### [ACTION ITEM]
Verbatim copy, images omitted: return the full listing.

━━━━━ PROVIDED ENTRIES

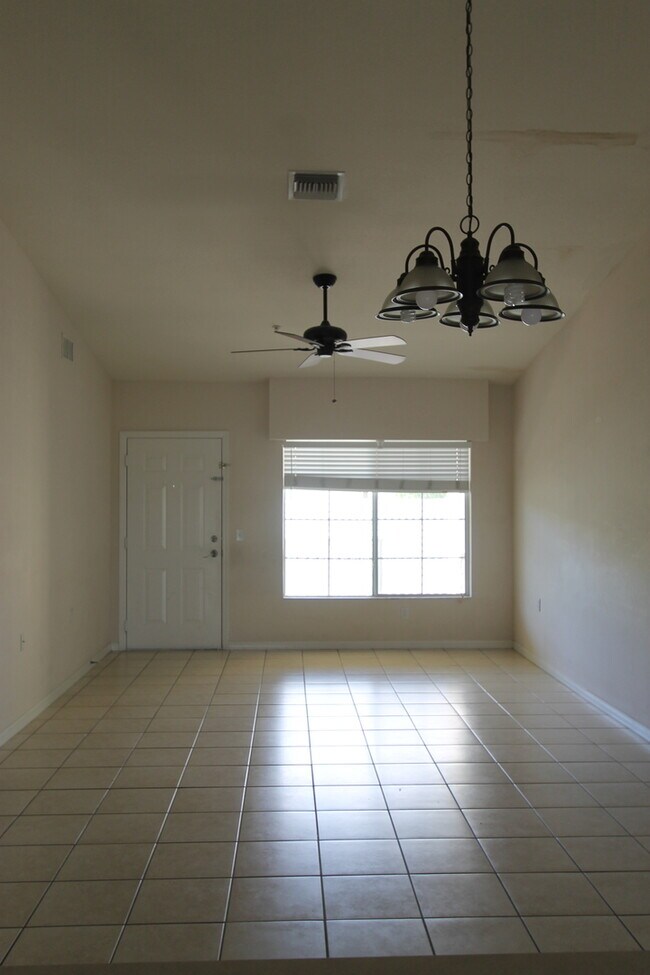 Building Photo - ***GREAT LOCATION***WORKING TO GET NEW PHO...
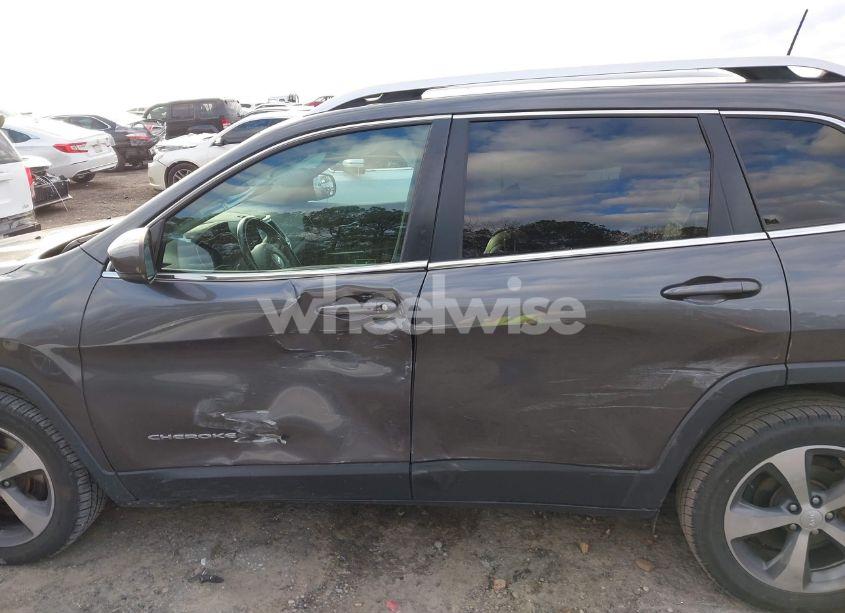 Photo 14 of 2019 Jeep Cherokee LIMITED FWD (VIN 1C4PJLDBXKD402970)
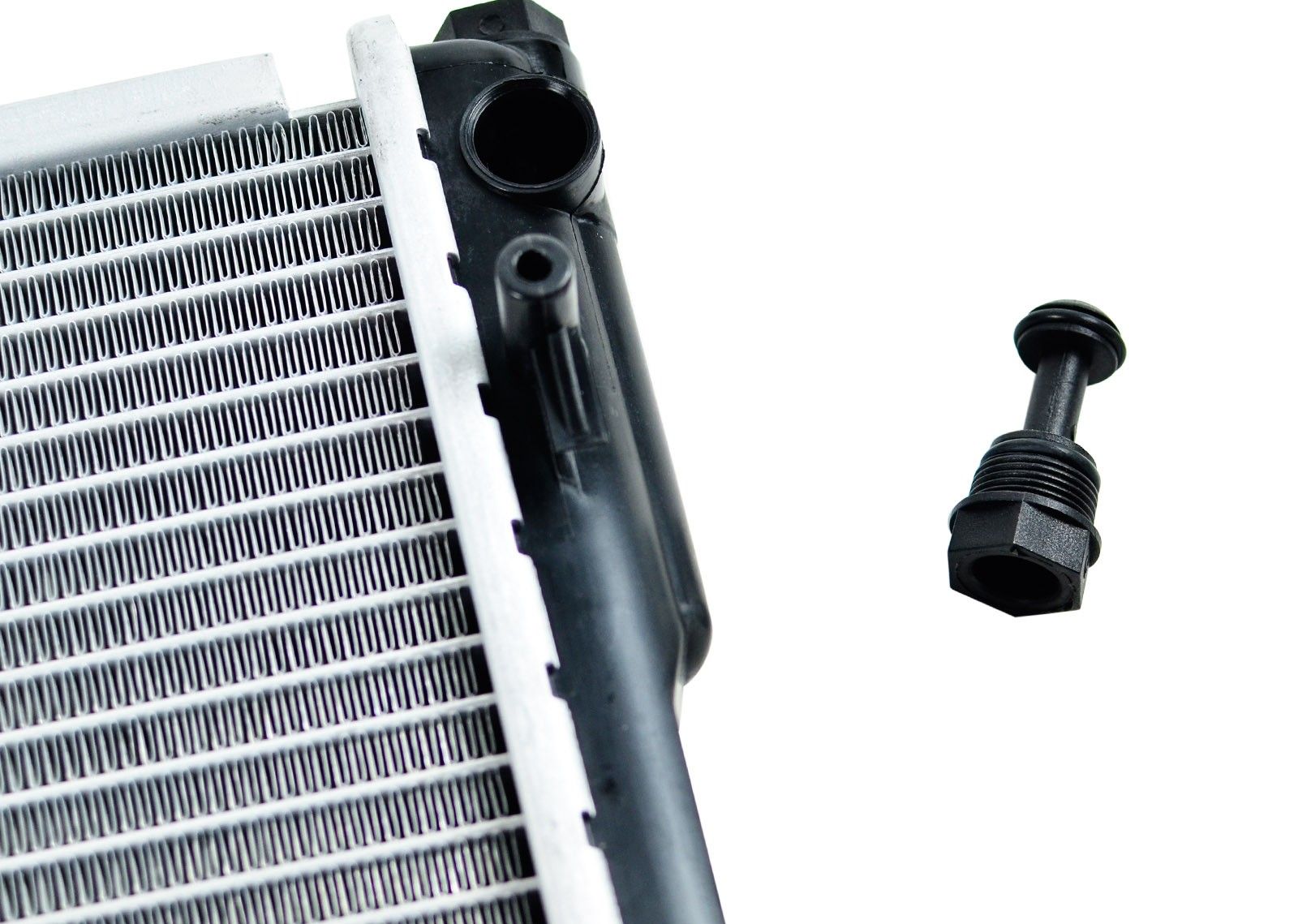 2006, 2005, 2004 BMW X3 Radiator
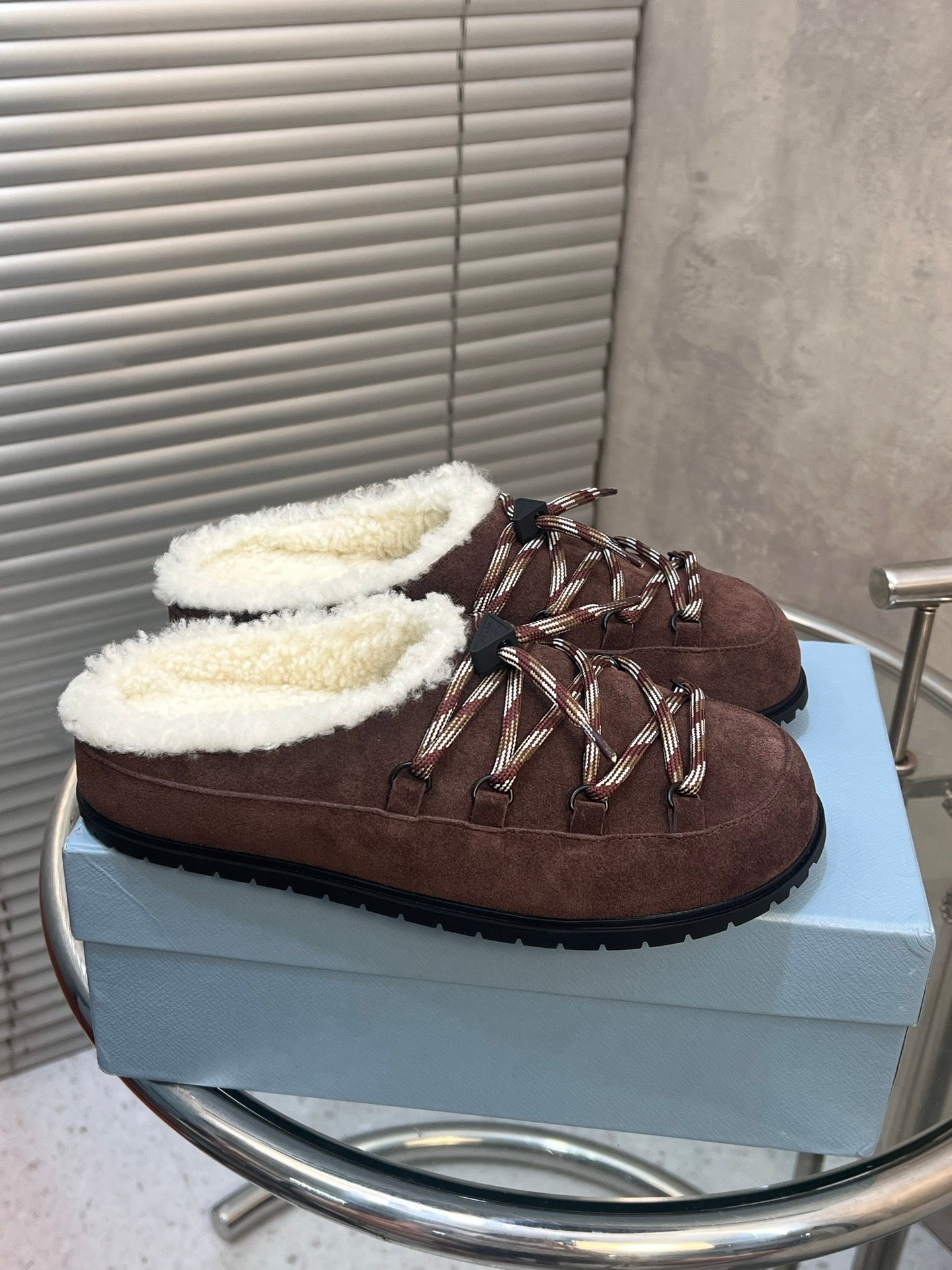 Prada 26s Mules Lace-up Cream Suede Shearing 952899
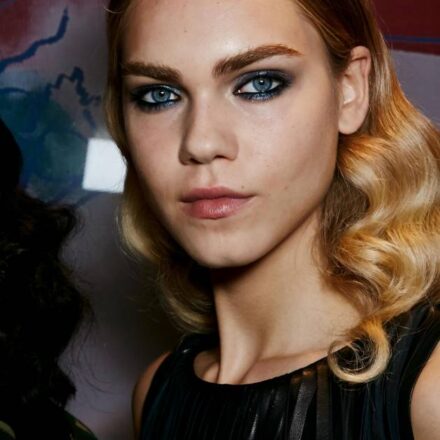 La coiffure rétro du défilé Sonia Rykiel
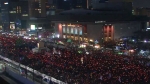 촛불, 헌재 앞 행진 "흔들림 없는 결정 내려달라" 촉구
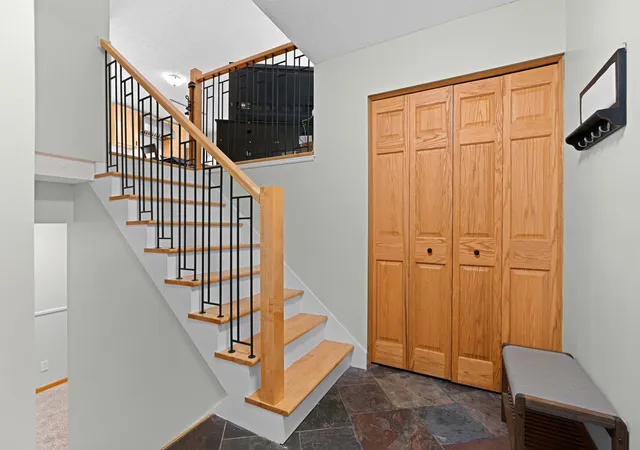 2nd image of 10359 Huntington Dr, Eden Prairie, MN 55347 | MLS# 7114307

━━━━━━━━━━

### [REPLY TO THE TASK]
 Building Photo - ***GREAT LOCATION***WORKING TO GET NEW PHO...
 Photo 14 of 2019 Jeep Cherokee LIMITED FWD (VIN 1C4PJLDBXKD402970)
 2006, 2005, 2004 BMW X3 Radiator
 Prada 26s Mules Lace-up Cream Suede Shearing 952899
 La coiffure rétro du défilé Sonia Rykiel
 촛불, 헌재 앞 행진 "흔들림 없는 결정 내려달라" 촉구
 2nd image of 10359 Huntington Dr, Eden Prairie, MN 55347 | MLS# 7114307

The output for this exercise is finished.